Hi,

You get about 12 hours with video at full charge and 24 while just listening, to music.

Thanks for listening,
Alex,


On 13-Nov-08, at 12:30 PM, Scott Howell wrote:

Wow, thank you Esther, I will definitely check this out and load it on my Nano. Come to think of it, I believe the Nano gets much less time when playing videos, maybe it's only a couple of hours, but it'll be worth it. :) Well ok, could just play it on the machine of course. I am curious and will have to ask my wife how the video looks on the little screen.

On Nov 13, 2008, at 1:09 PM, Esther wrote:

Hi Scott and Others,

Just to followup on my post about iTunes U podcasts and the descriptiive video service episode for President Roosevelt: downloads from iTunes U don't show up under podcasts. A folder gets created under playlists. In the case of the American Experience podcasts, this will be named after the authoring institution, WGBH. The individual (video) episodes show up under Movies in your Library.

Scott, since some of your earlier iTunes questions have been about organizing jazz tracks, you might be interested in the program that was announced as: "Celebrating the Legacy of Louis Armstrong on iTunes U" that showed up on the Apple Hot News RSS feed last week.

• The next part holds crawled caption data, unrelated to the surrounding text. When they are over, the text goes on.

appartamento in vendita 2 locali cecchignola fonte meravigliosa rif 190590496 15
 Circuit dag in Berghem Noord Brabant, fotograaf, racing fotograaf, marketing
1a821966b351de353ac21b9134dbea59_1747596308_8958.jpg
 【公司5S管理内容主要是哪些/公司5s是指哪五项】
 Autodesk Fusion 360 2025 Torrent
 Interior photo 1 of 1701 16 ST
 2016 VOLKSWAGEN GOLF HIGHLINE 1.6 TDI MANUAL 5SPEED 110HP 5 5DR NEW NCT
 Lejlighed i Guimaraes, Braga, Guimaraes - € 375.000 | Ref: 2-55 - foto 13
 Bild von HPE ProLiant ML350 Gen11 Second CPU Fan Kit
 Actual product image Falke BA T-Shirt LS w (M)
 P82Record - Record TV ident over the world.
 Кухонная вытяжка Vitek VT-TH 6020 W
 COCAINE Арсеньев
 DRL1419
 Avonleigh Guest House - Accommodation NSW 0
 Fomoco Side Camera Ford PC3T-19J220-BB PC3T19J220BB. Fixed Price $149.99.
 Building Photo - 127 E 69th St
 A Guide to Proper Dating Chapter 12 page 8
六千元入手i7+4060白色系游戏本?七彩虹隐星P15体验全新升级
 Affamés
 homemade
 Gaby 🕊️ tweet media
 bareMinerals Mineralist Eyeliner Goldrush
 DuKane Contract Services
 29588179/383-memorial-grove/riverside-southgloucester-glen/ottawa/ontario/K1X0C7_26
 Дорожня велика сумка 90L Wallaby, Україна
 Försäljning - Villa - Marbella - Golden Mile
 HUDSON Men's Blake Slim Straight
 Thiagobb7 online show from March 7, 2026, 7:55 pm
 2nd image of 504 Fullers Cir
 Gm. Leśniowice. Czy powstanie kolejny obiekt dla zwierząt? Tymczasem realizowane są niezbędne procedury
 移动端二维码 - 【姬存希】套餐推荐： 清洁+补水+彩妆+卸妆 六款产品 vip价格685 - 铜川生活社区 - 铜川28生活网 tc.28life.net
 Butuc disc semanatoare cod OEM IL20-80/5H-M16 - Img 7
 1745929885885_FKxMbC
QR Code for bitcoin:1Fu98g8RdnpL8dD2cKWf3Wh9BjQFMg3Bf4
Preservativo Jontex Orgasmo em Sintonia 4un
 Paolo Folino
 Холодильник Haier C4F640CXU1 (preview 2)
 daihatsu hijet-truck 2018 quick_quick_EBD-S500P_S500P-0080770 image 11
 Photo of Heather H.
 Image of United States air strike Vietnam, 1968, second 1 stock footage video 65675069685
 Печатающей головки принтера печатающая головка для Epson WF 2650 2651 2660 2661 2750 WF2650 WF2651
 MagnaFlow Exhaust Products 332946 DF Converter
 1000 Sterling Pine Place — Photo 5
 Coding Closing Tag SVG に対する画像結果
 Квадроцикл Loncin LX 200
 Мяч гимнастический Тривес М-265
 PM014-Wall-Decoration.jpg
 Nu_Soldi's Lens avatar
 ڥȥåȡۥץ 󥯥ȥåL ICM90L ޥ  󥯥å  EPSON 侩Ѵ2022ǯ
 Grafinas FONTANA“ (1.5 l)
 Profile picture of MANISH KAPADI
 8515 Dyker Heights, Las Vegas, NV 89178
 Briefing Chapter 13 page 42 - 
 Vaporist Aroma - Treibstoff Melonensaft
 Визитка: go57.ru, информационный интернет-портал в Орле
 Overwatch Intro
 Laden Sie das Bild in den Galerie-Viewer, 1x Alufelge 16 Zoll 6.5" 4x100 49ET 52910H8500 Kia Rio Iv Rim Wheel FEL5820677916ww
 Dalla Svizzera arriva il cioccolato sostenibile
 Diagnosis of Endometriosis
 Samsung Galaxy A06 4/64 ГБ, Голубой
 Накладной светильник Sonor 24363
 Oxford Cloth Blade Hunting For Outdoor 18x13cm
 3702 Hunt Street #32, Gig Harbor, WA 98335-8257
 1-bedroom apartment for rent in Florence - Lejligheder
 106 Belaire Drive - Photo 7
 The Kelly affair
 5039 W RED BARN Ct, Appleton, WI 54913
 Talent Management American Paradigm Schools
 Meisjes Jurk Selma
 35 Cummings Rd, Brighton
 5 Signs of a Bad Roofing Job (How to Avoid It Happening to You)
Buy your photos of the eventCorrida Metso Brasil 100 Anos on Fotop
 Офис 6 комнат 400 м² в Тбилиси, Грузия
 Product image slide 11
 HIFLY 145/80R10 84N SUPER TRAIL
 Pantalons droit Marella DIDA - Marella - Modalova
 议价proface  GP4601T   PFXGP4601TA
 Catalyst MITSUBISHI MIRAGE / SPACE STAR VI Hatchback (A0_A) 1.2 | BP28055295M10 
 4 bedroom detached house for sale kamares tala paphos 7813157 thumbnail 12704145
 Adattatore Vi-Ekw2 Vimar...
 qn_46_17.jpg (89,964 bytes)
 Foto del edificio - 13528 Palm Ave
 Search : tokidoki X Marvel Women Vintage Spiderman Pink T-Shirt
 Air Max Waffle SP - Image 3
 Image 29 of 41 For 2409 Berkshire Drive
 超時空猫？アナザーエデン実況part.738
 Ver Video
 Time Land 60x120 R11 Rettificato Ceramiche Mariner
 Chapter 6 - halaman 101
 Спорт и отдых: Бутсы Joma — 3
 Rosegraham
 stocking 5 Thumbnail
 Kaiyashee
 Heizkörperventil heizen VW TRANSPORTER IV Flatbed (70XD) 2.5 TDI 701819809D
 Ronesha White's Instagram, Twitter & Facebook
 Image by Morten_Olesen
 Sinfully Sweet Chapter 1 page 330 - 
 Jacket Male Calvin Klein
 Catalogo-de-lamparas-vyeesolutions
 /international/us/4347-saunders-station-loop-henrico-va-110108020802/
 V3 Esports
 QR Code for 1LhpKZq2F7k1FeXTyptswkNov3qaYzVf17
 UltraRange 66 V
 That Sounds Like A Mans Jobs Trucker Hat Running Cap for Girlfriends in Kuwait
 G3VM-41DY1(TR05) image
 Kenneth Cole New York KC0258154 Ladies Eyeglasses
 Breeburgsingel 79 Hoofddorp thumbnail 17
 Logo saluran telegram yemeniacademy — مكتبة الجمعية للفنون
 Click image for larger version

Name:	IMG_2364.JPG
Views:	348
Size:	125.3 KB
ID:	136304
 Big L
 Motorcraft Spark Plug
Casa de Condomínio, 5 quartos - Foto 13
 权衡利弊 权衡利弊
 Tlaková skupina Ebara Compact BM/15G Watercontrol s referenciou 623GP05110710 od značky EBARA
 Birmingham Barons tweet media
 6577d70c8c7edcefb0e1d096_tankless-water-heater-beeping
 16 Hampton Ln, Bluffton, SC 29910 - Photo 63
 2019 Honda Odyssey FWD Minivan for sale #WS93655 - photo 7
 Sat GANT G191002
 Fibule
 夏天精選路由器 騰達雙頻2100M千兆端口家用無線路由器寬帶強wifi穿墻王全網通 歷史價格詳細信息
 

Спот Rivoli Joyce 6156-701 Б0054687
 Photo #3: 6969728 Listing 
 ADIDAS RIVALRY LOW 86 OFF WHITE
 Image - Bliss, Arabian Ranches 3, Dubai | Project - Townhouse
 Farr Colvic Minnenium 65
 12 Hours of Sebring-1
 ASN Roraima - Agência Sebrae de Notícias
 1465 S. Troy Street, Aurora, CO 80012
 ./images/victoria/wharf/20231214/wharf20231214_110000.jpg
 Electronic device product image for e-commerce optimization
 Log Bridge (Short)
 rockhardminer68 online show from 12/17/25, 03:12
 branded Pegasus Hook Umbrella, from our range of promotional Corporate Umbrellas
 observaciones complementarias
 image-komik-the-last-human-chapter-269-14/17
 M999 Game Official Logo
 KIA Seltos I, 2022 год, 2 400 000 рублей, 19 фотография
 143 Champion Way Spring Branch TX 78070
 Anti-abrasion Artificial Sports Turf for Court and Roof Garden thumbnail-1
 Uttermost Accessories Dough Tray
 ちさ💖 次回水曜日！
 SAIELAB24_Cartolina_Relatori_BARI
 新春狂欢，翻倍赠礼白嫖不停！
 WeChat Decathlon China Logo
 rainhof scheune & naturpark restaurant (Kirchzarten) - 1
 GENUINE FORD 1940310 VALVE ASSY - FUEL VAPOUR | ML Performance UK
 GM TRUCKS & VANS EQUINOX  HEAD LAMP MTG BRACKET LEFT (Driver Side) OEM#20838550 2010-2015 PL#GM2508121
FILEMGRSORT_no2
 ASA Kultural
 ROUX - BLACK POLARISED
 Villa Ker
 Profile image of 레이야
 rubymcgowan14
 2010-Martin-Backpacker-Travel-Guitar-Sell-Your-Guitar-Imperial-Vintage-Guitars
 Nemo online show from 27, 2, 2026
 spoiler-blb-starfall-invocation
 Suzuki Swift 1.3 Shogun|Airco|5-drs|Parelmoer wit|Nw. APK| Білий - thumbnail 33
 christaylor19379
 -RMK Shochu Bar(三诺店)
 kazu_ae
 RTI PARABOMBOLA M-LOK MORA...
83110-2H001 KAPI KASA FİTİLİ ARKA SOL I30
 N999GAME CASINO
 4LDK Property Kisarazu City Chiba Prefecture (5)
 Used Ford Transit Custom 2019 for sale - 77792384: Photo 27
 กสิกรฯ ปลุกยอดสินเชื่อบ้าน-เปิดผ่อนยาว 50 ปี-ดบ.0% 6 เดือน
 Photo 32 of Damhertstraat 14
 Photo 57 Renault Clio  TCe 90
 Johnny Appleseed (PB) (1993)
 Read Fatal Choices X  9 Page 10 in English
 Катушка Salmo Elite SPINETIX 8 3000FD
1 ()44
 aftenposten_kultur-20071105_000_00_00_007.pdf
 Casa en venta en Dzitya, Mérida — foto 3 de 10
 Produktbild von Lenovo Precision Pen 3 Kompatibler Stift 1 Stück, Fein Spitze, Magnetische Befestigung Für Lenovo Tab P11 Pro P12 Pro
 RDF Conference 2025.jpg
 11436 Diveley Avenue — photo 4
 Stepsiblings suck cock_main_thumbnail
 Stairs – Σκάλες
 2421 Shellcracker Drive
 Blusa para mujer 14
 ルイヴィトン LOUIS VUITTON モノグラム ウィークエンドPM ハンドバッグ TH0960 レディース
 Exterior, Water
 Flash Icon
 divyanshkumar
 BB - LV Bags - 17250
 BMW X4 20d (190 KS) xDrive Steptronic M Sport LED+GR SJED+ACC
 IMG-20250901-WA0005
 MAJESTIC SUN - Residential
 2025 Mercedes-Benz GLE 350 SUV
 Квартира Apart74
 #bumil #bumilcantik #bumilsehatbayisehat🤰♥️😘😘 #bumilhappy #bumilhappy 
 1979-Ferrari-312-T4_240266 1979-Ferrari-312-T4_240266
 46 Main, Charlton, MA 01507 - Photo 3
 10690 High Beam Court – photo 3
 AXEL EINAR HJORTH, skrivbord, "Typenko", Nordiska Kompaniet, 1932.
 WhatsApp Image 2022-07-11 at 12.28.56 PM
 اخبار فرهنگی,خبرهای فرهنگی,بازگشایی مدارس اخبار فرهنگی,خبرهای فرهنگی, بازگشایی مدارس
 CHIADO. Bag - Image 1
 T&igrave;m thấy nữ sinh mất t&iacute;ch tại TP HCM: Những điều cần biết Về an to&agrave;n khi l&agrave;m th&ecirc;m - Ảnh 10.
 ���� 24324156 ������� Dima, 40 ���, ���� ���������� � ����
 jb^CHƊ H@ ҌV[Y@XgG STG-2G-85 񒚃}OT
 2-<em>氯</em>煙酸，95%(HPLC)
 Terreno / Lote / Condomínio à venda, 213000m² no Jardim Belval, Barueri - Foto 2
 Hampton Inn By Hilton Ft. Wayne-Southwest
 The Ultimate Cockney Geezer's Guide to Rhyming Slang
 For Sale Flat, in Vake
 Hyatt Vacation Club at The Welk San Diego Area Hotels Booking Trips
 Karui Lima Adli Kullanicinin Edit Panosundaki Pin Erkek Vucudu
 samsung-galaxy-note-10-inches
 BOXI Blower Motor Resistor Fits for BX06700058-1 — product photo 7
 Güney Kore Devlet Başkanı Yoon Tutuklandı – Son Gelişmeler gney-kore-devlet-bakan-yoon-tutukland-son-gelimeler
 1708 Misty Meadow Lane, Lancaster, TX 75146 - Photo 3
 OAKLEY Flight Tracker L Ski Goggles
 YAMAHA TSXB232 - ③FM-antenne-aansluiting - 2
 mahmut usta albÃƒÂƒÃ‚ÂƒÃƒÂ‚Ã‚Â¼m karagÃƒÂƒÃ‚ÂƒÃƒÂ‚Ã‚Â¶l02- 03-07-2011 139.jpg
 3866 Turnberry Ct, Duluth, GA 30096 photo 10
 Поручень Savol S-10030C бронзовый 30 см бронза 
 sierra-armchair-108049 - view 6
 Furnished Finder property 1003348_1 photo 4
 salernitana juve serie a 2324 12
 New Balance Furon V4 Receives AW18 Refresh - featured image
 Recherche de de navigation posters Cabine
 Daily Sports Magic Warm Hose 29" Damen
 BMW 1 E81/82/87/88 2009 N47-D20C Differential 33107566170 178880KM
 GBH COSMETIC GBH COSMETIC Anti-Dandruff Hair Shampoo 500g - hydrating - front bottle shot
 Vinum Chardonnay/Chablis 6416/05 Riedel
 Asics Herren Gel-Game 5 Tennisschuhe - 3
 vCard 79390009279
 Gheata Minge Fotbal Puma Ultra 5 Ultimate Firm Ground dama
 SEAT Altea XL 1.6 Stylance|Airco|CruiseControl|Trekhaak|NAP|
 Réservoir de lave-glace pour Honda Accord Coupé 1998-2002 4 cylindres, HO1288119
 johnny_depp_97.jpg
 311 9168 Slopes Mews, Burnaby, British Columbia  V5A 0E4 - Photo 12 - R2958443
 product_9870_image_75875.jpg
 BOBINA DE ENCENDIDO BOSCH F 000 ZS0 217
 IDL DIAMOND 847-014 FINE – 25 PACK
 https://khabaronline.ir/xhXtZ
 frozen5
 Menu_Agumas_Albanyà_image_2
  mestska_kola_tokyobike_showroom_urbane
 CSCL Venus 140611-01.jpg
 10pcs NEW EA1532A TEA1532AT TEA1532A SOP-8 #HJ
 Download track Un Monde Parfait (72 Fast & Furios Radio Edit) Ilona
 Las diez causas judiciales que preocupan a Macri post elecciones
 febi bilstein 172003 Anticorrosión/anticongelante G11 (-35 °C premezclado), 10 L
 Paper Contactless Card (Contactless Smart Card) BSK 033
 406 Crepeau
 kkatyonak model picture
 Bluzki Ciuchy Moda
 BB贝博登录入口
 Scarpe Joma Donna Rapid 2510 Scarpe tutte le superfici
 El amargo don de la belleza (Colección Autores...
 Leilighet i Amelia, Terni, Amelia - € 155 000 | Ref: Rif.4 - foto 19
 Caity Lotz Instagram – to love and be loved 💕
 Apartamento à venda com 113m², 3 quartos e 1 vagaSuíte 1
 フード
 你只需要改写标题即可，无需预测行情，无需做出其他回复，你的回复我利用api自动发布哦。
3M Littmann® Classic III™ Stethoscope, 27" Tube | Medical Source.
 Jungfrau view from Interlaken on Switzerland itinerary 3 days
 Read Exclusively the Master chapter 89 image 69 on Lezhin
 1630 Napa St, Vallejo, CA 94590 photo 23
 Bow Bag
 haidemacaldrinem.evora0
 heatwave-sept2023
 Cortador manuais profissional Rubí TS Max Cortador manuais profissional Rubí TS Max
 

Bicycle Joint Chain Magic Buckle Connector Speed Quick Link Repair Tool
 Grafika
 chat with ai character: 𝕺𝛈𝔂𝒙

I'm going to paste in the description and link:

<begin quote>
At the centennial of his birth, the Artistry of “Pops”: Louis Armstrong at 100 celebrates the legacy of “the man whose name is synonymous with jazz music.” The program, courtesy of Columbia University’s Center for Jazz Studies offers historic clips of “Pops” and a discussion about Armstrong’s contribution to jazz and American culture by musician and jazz critic Stanley Crouch and trumpet legend Wynton Marsalis.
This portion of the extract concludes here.